From palm oil residues to biofuel

Posted on 07 October 2015.

Palm oil production residues can be transformed into biofuels that are beyond reproach. Two researchers are leading the way...

Two EPFL researchers hope to produce a new generation of biofuels using palm oil production and other similar residues.

Two researchers from the EPFL (Ecole Polytechnique Fédérale de Lausanne, Edgard Gnansounou and Jeganathan Kenthorai Raman, may well be able to give palm oil – often decried - back its integrity. The study they conducted demonstrates that palm oil production residues could be used to produce no less than 30 chemicals - 3 of which could be very useful indeed.

In practice, once harvested the palm fruit bundles are pressed to extract the oil – for use in cooking, some soaps, and in the composition of cosmetics and biofuels. But the fibrous residues are currently discarded once the oil has been extracted.

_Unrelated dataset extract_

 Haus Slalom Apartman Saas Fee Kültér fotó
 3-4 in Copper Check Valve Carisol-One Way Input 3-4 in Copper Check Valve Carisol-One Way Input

Hidden treasures in palm oil production residues

The work of the two EPFL researchers consisted of analyzing these residues and optimizing the chemical process for transforming them into useful products.

Waste from palm oil production can produce the following:
- Bioethanol, a biofuel for ethanol-based gasoline engines.
- Furfural, a compound used in industry. In particular, it is used as a solvent in petrochemical refining and in the manufacture of food flavorings.
- Lignin, a solid fuel.

The results of this study could well transform the world of biofuels, which is currently the focus of two main criticisms. Firstly, the price is too high because the production process is expensive. And growing crops such as beet exclusively to produce biofuels is to the detriment of food crops.

A new generation of biofuels

By making use of palm oil production residues, and other residues of the same type, the EPFL researchers hope to give birth to a new generation of biofuels from non-arable crops and agricultural waste that is presently incinerated or dumped in the fields - including rice husks, corn stems and leaves, wheat straw, etc.
Although at an embryonic stage, the proposed approach fits in well with the objectives set by the European Union for least 10% of fuels used for transport to come from renewable energy sources by 2020, and to provide increased support for bio-based chemicals.